Reproduce, with no changes, the line that contains "เครื่องทดสอบแรงดันแบตเตอรี่ BX - Drone" and all the lines that come after it in the records.

*GIVEN RECORDS:*
---

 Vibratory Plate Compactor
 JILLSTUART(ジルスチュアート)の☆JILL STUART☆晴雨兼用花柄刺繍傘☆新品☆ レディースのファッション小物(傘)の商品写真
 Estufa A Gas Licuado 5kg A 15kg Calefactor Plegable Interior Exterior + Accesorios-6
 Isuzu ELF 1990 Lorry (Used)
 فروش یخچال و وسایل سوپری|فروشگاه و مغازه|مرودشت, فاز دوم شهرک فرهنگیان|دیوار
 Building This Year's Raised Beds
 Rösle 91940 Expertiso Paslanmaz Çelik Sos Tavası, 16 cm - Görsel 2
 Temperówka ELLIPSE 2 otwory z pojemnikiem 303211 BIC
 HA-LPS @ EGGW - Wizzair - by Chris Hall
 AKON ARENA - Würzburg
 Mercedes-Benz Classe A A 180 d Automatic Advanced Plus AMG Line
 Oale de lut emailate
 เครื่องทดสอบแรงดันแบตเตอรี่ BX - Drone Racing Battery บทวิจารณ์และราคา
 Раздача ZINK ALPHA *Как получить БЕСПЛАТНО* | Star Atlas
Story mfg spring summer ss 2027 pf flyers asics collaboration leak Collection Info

---

*RESULT:*
 เครื่องทดสอบแรงดันแบตเตอรี่ BX - Drone Racing Battery บทวิจารณ์และราคา
 Раздача ZINK ALPHA *Как получить БЕСПЛАТНО* | Star Atlas
Story mfg spring summer ss 2027 pf flyers asics collaboration leak Collection Info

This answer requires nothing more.